До отъезда из Стамбула я решила укрыться в Эйюбе у Гюльмисаль-калфы, старой черкешенки, которая была нянькой моей покойной матери. Когда мать выходила замуж, Гюльмисаль пристроилась помощницей у старой надзирательницы из Эйюба.

Она очень любила мою мать и терпеть не могла теток, которые платили ей тем же. Пока была жива бабушка, Гюльмисаль иногда приходила в особняк, приносила мне пестрые, разноцветные игрушки, которые продавались только в Эйюбе. Но после смерти бабушки няня перестала у нас появляться, и тетки тотчас забыли о ней. Не знаю причины этой неприязни, но мне кажется, в прошлом у них были какие-то счеты.

Словом, для меня во всем Стамбуле не было места надежнее, чем дом Гюльмисаль-калфы.

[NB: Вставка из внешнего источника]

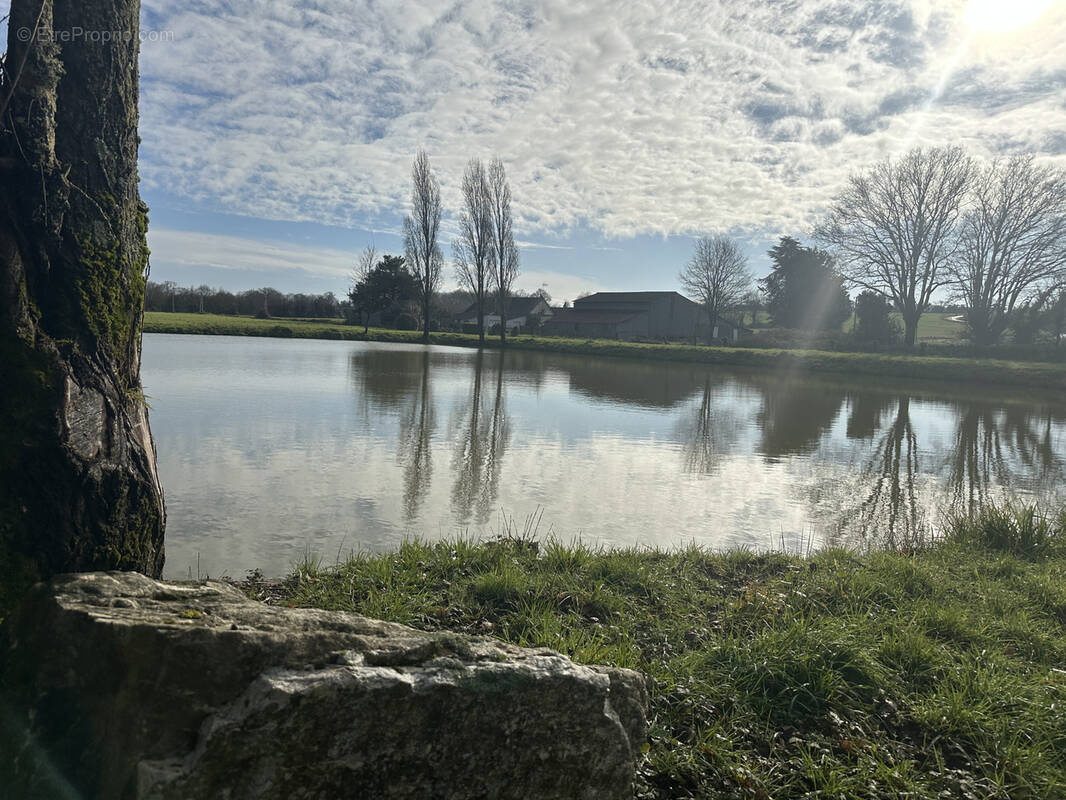 Maison à CHALLAIN-LA-POTHERIE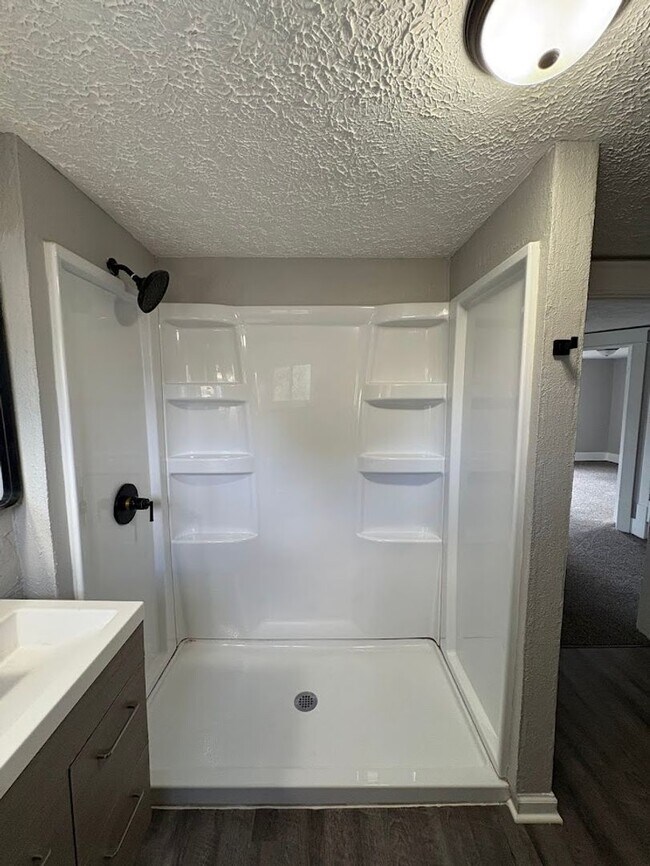Building Photo - Four bedroom one bathroom home for rent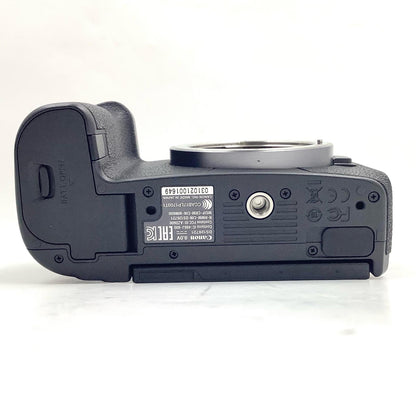 【全額返金保証】【最速発送】Canon デジタル一眼 EOS R ボディ 美品 動作確認済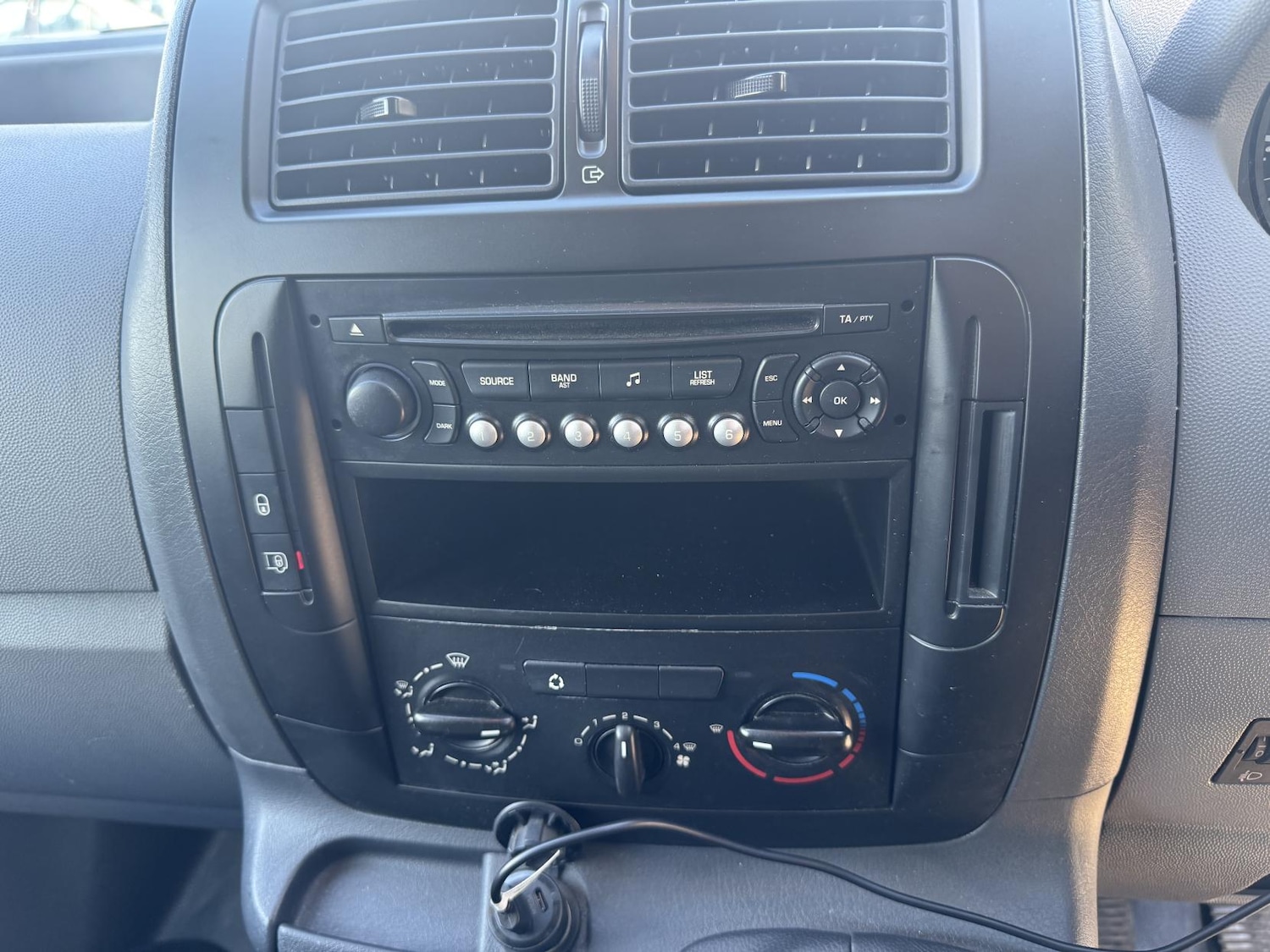 Used Peugeot Expert 2011 for sale - 78028179: Photo 13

Я была уверена, что, получив мое письмо, содержание которого представлялось мне все отчетливее, тетка только всплакнет. Это ничего! Ну а что касается подлого сыночка? Думаю, совесть не позволит ему показаться мне на глаза (человек как-никак), даже если он выследит мое местопребывание.

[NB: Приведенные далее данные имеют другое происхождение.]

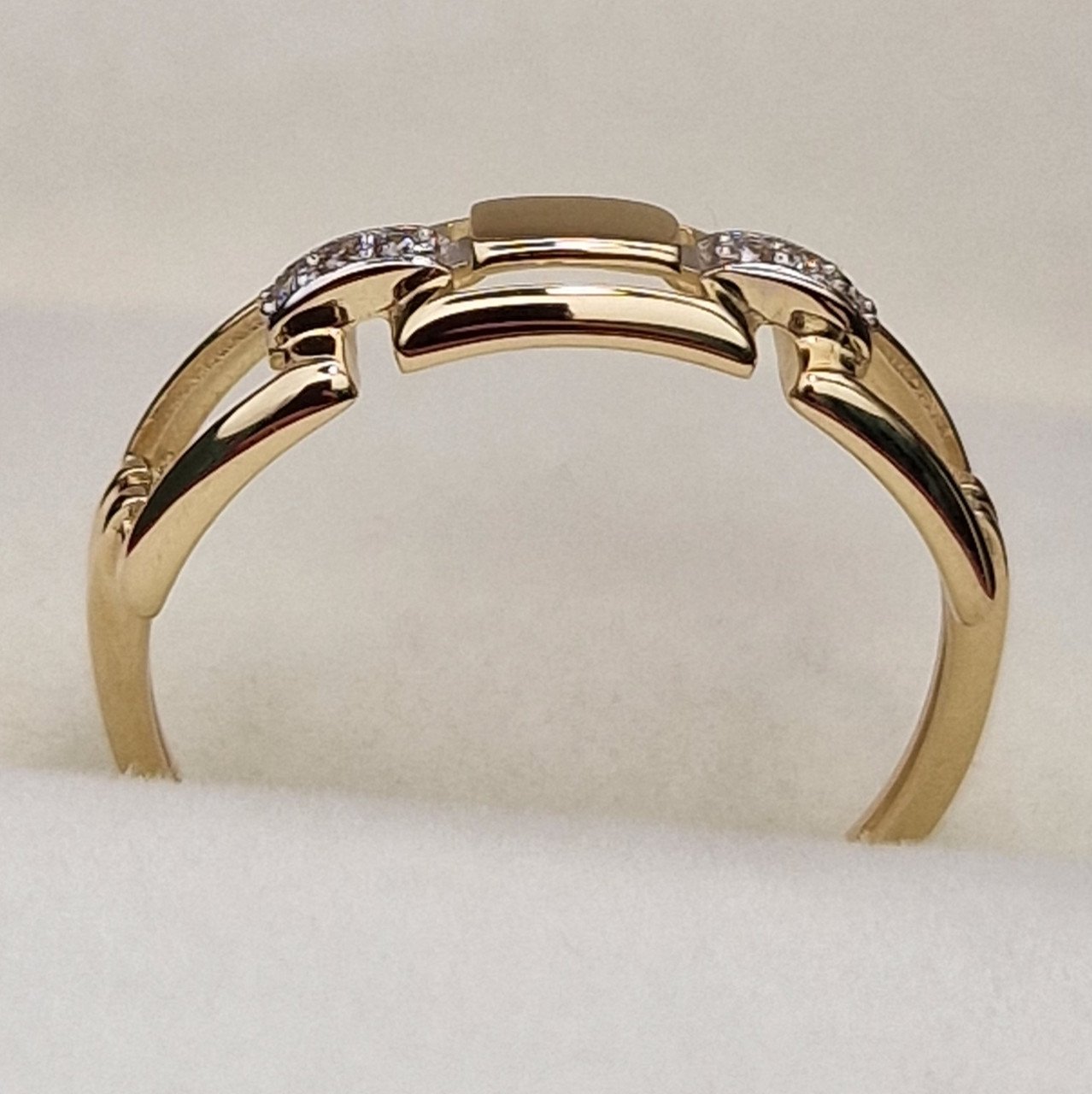 Кольцо Deimantas 101103110 16,5р 1,37гр 0,029ct. купить,NaN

Рано утром я подошла к дому Гюльмисаль. Калитка оказалась открытой, хозяйка мыла каменный дворик. Выкрашенные хной волосы выбивались у нее из-под платка, на босых ногах были банные чувяки.

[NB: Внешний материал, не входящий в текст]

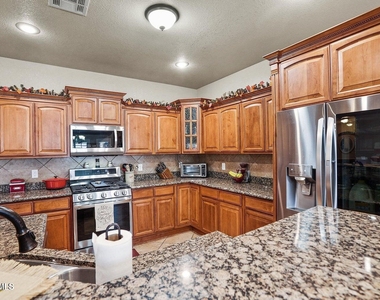 14125 Rainbow Point Drive - Photo Thumbnail 20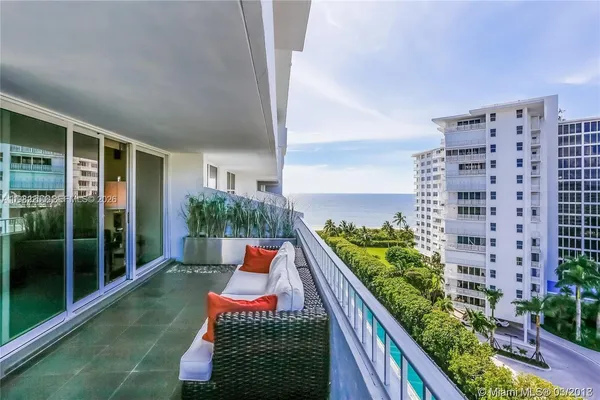 a outdoor view with a sitting space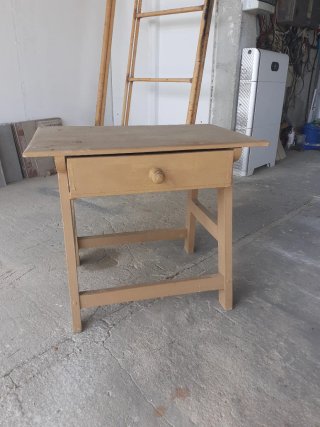 Mesa de cocina antigua de madera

Я остановилась у калитки и молча наблюдала за ней. Лицо мое было плотно закрыто чадрой. Гюльмисаль не могла узнать меня.

– Вам что-нибудь надо, ханым? – спросила она, растерянно тараща поблекшие голубые глаза.

Судорожно глотнув несколько раз воздух, я спросила:

– Дады[24]24
  Дады – нянька, кормилица.


[Закрыть]
, не узнаешь?

Мой голос неожиданно поразил Гюльмисаль, она отпрянула, словно в испуге, и воскликнула:

– Аллах всемогущий!.. Аллах всемогущий!.. Открой лицо, ханым!

Я поставила чемоданчик на мокрые плиты двора и откинула чадру.

– Гюзидэ! – глухо вскрикнула Гюльмисаль. – Моя Гюзидэ пришла!.. Ах, дитя мое!.. – Она бросилась ко мне и обняла слабыми руками с вздутыми венами.

Слезы ручьем текли по ее лицу.

– Ах, дитя мое!.. Ах, дитя мое!.. – всхлипывала она.

Мне была понятна причина такого волнения. Говорили, что с возрастом я все больше походила на покойную мать. Одна ее давняя подруга часто говорила:

– Не могу без слез слушать Феридэ. Голос, лицо – совсем Гюзидэ в двадцать лет.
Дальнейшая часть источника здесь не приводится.